When the Lord spoke concerning Israel and its punishment He said, "I will destroy it
from off the face of the earth; saving that I will not utterly destroy the house of Jacob,
saith the Lord" (Amos 9: 8). Here the Lord makes a provision, an exception, a clause
which does not follow the threatened destruction of the sinner. Jacob used the word
"destroy" in Gen. 34: 30 to mean the effect of being killed (see for further reference
such passages as Lev. 26: 30; Numb. 33: 52; Deut. 1: 27, and Judges 21: 16). To
destroy, abolish, or demolish is the meaning of the word. This is the fate of the
wicked, e.g.:--
"All the wicked will He destroy" (Psalm 114: 20).

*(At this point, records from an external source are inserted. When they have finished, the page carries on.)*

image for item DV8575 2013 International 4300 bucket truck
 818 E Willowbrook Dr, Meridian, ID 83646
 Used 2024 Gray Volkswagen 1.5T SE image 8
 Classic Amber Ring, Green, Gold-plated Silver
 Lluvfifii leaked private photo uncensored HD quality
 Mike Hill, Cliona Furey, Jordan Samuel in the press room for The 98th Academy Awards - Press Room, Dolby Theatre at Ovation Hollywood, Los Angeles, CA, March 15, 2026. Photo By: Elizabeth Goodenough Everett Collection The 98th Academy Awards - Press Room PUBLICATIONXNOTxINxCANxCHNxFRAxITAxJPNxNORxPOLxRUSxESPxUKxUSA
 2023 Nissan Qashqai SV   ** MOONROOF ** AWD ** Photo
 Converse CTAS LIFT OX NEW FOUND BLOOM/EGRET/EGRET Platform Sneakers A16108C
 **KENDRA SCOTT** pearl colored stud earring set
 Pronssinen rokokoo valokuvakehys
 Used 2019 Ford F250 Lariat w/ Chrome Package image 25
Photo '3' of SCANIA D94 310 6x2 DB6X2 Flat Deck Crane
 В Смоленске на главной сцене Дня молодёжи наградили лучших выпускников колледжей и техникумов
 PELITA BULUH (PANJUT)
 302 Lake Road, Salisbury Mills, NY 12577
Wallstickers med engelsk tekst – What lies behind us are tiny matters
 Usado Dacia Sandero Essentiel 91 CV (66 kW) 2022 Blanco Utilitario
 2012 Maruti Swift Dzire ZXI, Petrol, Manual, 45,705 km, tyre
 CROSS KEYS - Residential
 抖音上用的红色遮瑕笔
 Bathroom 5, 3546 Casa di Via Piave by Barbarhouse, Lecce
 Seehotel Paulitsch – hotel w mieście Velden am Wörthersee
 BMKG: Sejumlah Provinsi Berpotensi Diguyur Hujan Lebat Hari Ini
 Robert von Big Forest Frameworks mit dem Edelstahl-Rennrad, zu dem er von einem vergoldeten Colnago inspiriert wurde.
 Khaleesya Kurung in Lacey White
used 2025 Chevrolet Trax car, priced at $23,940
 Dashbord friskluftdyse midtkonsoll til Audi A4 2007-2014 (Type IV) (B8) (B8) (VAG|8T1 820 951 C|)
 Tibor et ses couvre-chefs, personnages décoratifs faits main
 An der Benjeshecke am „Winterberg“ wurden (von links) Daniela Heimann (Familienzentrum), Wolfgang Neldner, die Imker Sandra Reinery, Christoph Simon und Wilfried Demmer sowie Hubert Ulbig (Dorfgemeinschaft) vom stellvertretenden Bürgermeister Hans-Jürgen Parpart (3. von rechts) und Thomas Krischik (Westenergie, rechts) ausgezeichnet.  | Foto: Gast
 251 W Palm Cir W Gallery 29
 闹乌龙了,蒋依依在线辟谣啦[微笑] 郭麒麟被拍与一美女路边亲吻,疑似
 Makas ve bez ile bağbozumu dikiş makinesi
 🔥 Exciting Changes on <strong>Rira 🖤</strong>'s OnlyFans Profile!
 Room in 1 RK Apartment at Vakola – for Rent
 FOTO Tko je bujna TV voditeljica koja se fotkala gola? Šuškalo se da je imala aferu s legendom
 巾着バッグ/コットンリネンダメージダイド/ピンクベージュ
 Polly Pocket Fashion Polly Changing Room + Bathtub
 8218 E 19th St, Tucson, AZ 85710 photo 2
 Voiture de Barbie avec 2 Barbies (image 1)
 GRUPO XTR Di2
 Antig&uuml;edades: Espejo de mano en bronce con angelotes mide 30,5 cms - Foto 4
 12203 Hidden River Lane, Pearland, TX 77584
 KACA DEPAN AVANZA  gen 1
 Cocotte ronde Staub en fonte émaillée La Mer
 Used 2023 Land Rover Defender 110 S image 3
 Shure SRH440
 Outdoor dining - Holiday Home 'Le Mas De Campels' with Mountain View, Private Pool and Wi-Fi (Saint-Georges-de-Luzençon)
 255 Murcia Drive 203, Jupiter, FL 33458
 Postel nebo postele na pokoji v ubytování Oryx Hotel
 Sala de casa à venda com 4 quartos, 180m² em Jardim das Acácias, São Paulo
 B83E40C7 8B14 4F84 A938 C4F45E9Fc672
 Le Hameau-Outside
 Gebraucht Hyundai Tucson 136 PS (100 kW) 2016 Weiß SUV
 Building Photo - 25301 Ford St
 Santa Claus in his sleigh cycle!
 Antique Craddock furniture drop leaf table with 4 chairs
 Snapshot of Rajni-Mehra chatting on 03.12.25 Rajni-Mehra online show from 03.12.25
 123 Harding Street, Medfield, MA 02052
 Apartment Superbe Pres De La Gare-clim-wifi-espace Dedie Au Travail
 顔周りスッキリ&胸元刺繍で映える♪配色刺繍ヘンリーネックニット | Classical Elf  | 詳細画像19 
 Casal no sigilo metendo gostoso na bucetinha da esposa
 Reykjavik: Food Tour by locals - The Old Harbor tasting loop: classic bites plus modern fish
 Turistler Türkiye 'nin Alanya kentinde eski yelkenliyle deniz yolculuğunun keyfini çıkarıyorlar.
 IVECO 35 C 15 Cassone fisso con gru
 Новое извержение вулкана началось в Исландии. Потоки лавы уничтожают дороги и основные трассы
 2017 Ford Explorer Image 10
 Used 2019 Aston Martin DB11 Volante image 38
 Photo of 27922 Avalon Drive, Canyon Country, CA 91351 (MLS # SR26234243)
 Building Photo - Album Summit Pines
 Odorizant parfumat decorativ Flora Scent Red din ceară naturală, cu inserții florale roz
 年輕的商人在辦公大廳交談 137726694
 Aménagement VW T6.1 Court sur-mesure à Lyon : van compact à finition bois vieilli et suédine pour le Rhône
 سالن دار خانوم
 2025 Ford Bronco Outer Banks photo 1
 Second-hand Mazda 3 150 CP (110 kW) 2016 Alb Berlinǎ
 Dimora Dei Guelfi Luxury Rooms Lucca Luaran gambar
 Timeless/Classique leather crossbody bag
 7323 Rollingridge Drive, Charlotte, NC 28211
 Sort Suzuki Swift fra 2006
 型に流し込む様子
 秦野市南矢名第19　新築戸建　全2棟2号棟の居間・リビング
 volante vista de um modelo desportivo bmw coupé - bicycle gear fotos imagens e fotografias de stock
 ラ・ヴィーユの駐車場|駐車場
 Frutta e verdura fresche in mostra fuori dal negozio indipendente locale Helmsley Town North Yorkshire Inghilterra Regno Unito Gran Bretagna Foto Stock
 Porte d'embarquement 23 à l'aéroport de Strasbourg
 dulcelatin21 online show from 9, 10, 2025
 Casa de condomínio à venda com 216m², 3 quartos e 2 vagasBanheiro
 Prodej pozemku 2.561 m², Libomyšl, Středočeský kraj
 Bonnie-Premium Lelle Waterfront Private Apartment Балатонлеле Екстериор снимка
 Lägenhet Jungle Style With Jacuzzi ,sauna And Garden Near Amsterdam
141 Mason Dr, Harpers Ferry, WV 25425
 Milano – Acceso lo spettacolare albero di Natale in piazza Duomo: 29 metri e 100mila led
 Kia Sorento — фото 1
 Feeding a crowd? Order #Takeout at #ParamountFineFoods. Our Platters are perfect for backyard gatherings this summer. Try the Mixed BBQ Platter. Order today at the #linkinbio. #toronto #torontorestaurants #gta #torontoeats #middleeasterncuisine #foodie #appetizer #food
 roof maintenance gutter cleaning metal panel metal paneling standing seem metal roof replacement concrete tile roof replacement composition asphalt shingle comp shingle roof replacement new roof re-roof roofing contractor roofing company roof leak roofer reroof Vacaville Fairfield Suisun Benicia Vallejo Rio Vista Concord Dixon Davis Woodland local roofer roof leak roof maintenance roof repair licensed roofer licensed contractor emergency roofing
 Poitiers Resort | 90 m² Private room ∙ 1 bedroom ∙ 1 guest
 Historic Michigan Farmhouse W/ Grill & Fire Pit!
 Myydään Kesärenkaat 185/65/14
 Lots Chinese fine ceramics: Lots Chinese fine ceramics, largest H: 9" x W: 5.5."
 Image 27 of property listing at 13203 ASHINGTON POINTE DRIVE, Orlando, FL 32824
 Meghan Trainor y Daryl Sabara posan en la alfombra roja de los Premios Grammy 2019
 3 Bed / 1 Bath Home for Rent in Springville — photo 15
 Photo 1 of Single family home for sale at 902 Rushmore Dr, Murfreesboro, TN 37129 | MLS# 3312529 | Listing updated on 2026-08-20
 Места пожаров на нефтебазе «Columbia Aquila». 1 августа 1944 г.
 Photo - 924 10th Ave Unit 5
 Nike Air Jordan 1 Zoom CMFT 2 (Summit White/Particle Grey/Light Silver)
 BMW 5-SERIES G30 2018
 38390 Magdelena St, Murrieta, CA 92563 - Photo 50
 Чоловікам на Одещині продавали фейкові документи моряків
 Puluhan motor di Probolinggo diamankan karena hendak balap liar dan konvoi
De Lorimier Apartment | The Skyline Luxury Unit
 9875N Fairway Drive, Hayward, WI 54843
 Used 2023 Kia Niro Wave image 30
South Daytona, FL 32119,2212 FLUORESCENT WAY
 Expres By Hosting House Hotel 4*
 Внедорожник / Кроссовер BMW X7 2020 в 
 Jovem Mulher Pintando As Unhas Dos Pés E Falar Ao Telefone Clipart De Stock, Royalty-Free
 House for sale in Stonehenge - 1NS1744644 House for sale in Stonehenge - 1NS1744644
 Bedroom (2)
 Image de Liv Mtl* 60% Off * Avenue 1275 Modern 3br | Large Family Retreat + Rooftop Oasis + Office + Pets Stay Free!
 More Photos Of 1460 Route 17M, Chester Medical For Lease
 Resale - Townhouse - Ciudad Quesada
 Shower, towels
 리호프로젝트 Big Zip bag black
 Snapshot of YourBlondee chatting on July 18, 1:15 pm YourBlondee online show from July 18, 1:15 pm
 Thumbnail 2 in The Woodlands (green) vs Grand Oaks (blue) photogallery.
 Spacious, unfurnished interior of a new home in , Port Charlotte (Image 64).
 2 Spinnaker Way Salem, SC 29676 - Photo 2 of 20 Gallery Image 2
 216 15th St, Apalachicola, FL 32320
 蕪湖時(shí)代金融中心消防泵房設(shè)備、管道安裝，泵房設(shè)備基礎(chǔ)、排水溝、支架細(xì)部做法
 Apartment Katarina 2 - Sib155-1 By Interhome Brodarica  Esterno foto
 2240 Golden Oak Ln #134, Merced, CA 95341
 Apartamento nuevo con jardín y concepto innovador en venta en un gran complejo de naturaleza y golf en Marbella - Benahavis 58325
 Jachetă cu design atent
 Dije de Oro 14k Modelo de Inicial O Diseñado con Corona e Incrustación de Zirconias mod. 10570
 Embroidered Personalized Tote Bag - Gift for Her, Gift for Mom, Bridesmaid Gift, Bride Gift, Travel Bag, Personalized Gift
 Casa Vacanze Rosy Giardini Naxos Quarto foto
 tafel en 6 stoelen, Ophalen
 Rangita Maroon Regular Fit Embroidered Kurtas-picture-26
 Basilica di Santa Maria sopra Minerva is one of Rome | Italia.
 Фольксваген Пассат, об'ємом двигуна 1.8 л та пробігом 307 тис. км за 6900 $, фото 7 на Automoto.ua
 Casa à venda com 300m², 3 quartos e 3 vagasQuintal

"The transgressors shall be destroyed together" (Psalm 37: 38).
"When the wicked spring as the grass, and when all the workers of iniquity do
flourish, it is that they shall be destroyed for ever" (Psalm 92: 7).
Again we submit that the cumulative witness of the use of these two words confirms
the Scriptural statement that "the wages of sin is death," and that the idea of eternal
conscious suffering is as foreign to the meaning and usage of shamad as it is to the
meaning and usage of abad.
There are one or two more Hebrew words which we must consider together; these we
must leave for another occasion. We trust our readers will not think the time or space
wasted in thrashing out the true meaning of these words. It is our only way of gaining the
truth. Man-made definitions are all contaminated by tradition, for which we have neither
regard nor respect, from which we ask no quarter, and to which, for the sake of the truth,
"we yield subjection, no, not for an hour" (Gal. 2: 5).
The Wages of Sin.
"Not in the words which man's wisdom teacheth,
but which the Holy Spirit teacheth" (I Cor. 2: 13).
pp. 34-41
In our last paper upon this important theme we submitted to the reader the Scriptural
meaning and usage of two Hebrew words, viz., abad and shamad, and found that in the
first case the word "perish" was an unequivocal and true rendering, and that in the second
instance the meaning was "to destroy," or "to be destroyed."